Shell Retires Renewable Energy Business

March 19, 2009 | Jesse Jenkins,

Guest post by Alex Park

Shell might not have been a major player in clean tech, having never dedicated more that around 1 percent of its investments to renewable energy, or a paltry 1.25 billion dollars between 1999 and 2006. But as of this week, Shell has decided that it won't be a clean tech player at all. The reason? In the words of one exec, "We do not expect material amounts of investment in those areas going forward." That's according to a story posted yesterday in Reuters.

In other words, even with diminishing oil production, even with Obama in the White House, even with climate change, Shell is taking its money out of renewable energy because as of yet, it is simply not bolstering the firm's bottom line. And if it can't do that, then Shell can't stay in renewables if it wants to stay in business. It's that simple.

But the news is not just about Shell...

Shell never backed climate change denial with the same vigor as Exxon Mobil, but it wasn't exactly known for having a positive impact on the environment, either. So when Shell, along with BP and Chevron, announced an investment shift into clean tech at the beginning of the decade, many anxious observers declared it proof that renewables were on their way to replacing oil without radical technological advancement.

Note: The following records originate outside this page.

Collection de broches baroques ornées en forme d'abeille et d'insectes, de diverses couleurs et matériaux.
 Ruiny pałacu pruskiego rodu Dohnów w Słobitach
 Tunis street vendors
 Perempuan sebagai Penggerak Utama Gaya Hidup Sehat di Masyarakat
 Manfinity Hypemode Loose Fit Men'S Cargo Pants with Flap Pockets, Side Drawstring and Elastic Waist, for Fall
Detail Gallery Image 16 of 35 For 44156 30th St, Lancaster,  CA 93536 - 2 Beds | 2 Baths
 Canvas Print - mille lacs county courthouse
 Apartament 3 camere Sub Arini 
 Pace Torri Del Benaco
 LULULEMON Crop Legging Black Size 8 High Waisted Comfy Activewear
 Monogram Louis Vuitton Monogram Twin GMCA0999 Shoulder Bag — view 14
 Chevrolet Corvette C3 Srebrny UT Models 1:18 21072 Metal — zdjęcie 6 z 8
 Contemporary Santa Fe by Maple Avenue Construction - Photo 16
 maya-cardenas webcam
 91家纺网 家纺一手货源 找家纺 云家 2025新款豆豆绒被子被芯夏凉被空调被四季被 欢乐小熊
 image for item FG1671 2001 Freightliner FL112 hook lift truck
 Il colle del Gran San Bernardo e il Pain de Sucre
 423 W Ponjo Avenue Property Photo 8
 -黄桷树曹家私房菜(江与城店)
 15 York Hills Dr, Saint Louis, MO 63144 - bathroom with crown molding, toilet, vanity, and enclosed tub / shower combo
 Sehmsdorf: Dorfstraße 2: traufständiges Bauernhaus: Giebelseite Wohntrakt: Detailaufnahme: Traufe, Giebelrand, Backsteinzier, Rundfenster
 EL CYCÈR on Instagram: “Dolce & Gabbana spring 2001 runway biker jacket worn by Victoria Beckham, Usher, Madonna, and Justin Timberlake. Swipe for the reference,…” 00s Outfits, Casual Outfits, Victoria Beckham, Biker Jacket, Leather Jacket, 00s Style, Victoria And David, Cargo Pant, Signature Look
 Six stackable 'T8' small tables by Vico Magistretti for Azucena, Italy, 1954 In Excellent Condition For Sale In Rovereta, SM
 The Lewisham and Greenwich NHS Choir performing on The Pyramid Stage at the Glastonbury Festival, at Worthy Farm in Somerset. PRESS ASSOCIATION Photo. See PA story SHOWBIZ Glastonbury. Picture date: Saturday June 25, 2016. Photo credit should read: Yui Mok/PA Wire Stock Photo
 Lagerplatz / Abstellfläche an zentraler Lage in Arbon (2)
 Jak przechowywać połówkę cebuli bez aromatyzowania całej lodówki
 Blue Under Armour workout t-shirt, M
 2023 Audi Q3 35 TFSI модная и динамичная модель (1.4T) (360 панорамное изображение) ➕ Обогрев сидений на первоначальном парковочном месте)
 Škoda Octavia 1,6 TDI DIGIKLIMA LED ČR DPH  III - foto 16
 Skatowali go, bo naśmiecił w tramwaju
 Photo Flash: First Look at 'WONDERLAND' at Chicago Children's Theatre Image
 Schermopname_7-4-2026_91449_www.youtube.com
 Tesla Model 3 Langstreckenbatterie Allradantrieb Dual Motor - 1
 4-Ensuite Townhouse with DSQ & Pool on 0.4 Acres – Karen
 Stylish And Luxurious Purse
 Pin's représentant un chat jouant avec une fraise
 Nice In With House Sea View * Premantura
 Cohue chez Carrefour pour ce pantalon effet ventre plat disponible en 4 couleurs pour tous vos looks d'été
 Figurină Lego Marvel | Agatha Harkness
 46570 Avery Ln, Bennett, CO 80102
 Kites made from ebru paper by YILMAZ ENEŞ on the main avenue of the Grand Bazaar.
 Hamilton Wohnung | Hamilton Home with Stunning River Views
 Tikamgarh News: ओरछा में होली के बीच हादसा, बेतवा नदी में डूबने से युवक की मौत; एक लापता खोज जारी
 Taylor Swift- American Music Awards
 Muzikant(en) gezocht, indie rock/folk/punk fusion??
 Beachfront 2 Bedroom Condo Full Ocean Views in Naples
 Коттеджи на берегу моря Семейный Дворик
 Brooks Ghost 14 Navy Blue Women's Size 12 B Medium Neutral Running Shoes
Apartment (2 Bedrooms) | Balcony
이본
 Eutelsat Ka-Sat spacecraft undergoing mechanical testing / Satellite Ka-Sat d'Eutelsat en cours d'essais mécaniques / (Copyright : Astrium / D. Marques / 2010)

Now that paradigm is shattered, and the environmental crowd needs to take note: First, in it's current technological state, most renewable energy technologies cost too much to make much business sense, plain and simple. Second, the existing array of push factors - political pressure, peak oil, climate change, and the threat of a cap and trade system and/or a carbon tax - are only enough to get Big Oil to temporarily rethink aspects of it's business plan, not to chart out a radical new path towards renewable energy.

Is that a big surprise? Hopefully its a big wake-up call to environmentalists, because it will certainly be that to Big Oil. In the next year, expect Shell's industry peers who followed suit with their own developments in wind, solar and geothermal to start making similar announcements. The likelihood is that oil executives across the board who made the choice to diversify can already see the news in their accounting statements. Chances are, we'll see it in our headlines before long, too.

The curious thing is, with the above mentioned push factors, Shell and its peers should want an alternative to oil. Peak oil in particular poses a dire threat to the business. Big Oil could wiggle its way out of cap and trade and climate tax, if only because most of its operations happen out of the country. But increased oil scarcity is a real, present threat.

Last year, Exxon Mobil - by far the biggest oil company in the world - boosted its exploration and development budget 25%, or 125 billion dollars over five years. Like Shell, Exxon's oil production has also diminished, and most of its future resource base is staked not in conventional oil and gas deposits, but in the far harder to process, far more expensive to exploit tar sands.

Peak oil is probably a better explanation why Shell and other oil companies started toying with the idea of renewables in the first place. Exxon has staked its entire future on unconventional oil sources and future exploration, on the hope that something will turn up where no one has found it before.

But Shell, along with BP, Chevron, ConnocoPhillips and others, devoted at least some of its resources looking for a future in alternative energy. Like Exxon, Shell's investment in renewable energy was part of an effort to bolster future profits in a world of diminishing oil, and to secure a piece of the energy pie in coming decades. In that case, by announcing its retirement from the clean tech game, Shell has signaled that it's no longer betting any money that wind, solar and geothermal will be a significant part of the energy mix in the future. The safer bet is on expensive tar sands, and guarantee-less exploration projects deep inside the earth.

And that should be the real wake up call: renewable energy is not just prohibitively expensive. Shell is betting, once and for all, that given its current rate of development, the future of renewable energy is less secure than the future of oil.

Alex Park is an Oakland native, and now a senior Sociology major at Macalester College in Saint Paul, MN. Alex hopes to pursue a career in journalism to report on the social implications of energy policy and deployment in the developing world.


Comments

Another factor that should be considered is that natural gas is becoming more accessible (e.g., shale gas) and LNG is growing throughout the world (though local communities in the US appear to be more forcefully opposing the terminals). The alternatives advocates (myself included) need to keep in mind that these are moving targets.